## TASK DESCRIPTION
Please print exactly the lines from the one containing "Guess - Guess" through the last line of the records, and only those. Leave out any pictures.

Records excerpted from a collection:

►

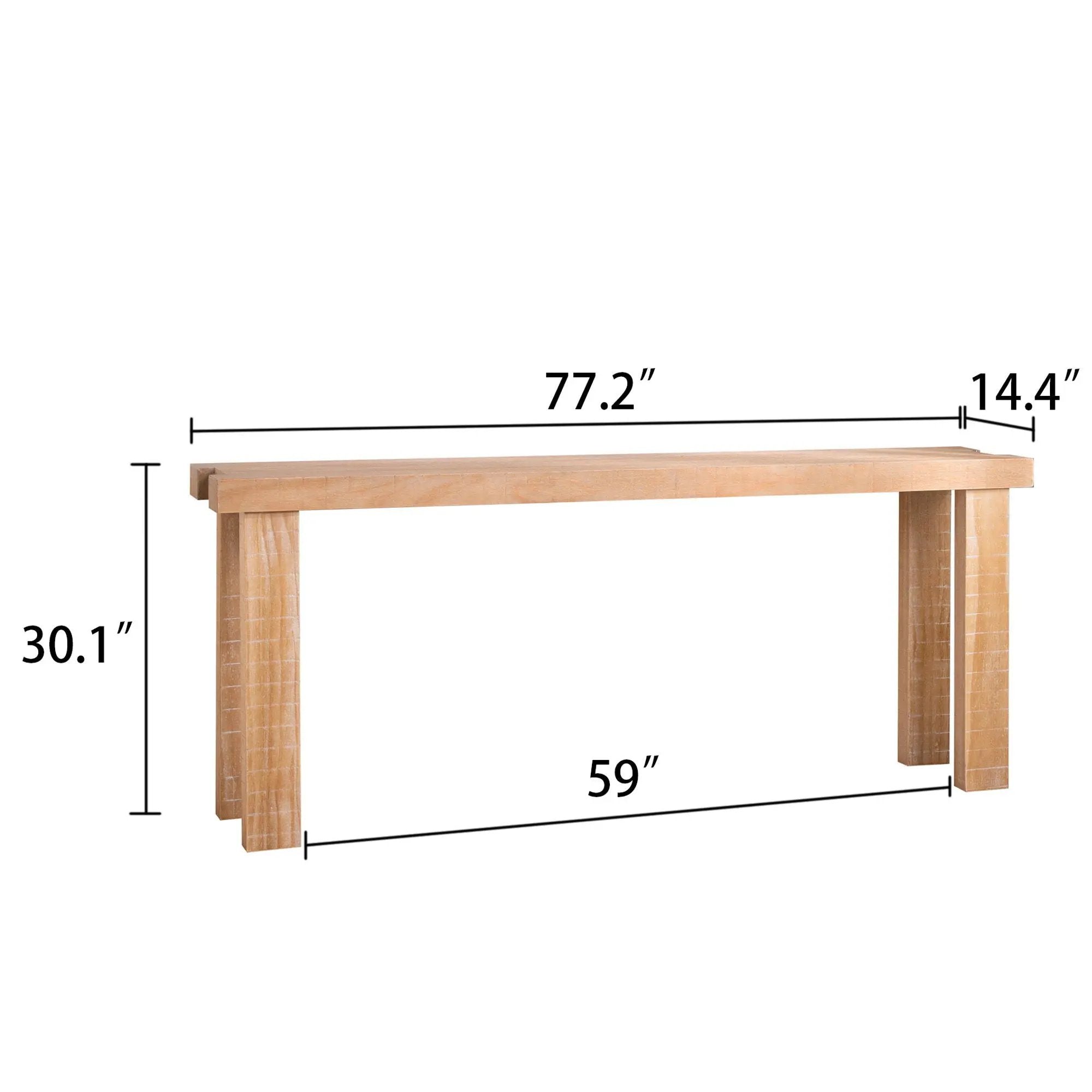 Console Table, Entryway Table With Design, Long Narrow Sofa Table For Living Room - Multi by Unique Piece Furniture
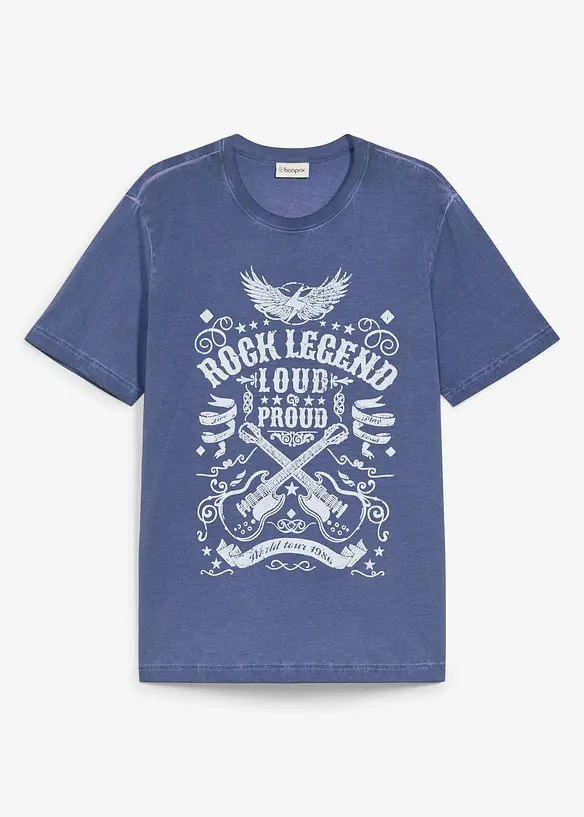 T-shirt med tv&auml;ttad look i ekologisk bomull, bonprix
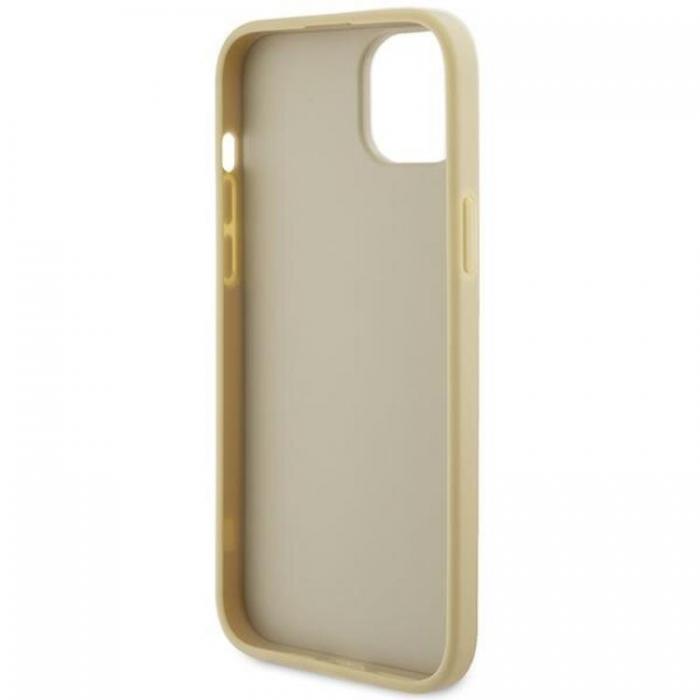 Guess - Guess iPhone 15 Plus Mobilskal Strass Metal Logo - Guld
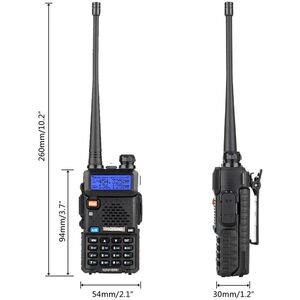 BAOFENG UV-5R RICETRASMITTENTE VHF/UHF DUAL BAND RADIO 136-174 400-480 MHZ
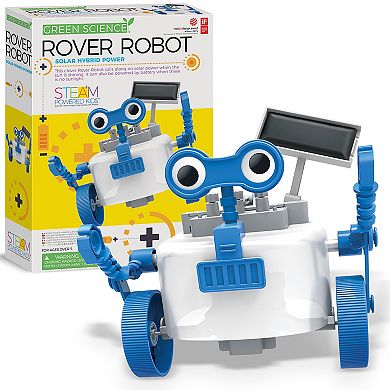 4M: Green Science Rover Robot DIY Solar & Battery Power Robotics Kit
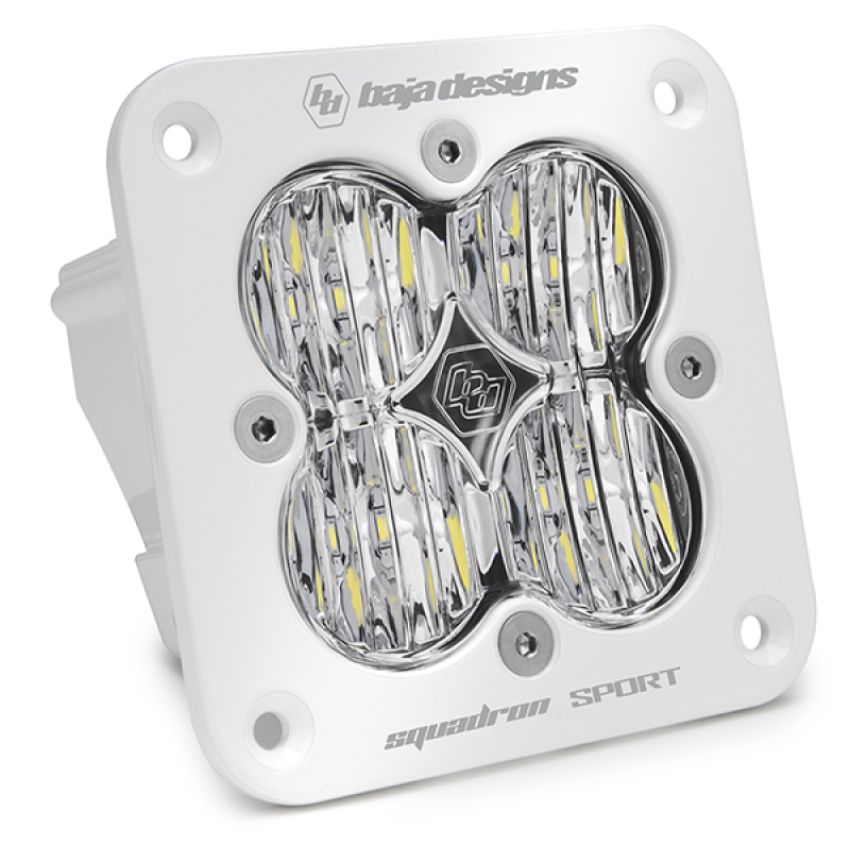 Baja Designs 551005WT Squadron Sport White Flush Mount LED Auxiliary Light Pod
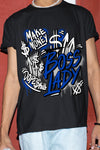 AJ 5 Racer Blue DopeSkill T-Shirt Boss Lady Graphic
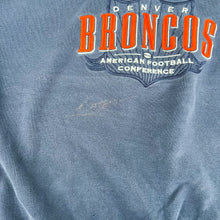 Load image into Gallery viewer, F- Vintage Denver Broncos NFL Reebok Pro Line Embroidered Text Crewneck
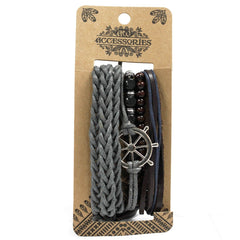 Mens Bracelet Sets - Metal & Leather (asst) product image 3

◄

## YOUR RESPONSE
 Guess - Guess iPhone 15 Plus Mobilskal Strass Metal Logo - Guld
 BAOFENG UV-5R RICETRASMITTENTE VHF/UHF DUAL BAND RADIO 136-174 400-480 MHZ
 4M: Green Science Rover Robot DIY Solar & Battery Power Robotics Kit
 Baja Designs 551005WT Squadron Sport White Flush Mount LED Auxiliary Light Pod
 AJ 5 Racer Blue DopeSkill T-Shirt Boss Lady Graphic
 Load image into Gallery viewer, F- Vintage Denver Broncos NFL Reebok Pro Line Embroidered Text Crewneck
 Mens Bracelet Sets - Metal & Leather (asst) product image 3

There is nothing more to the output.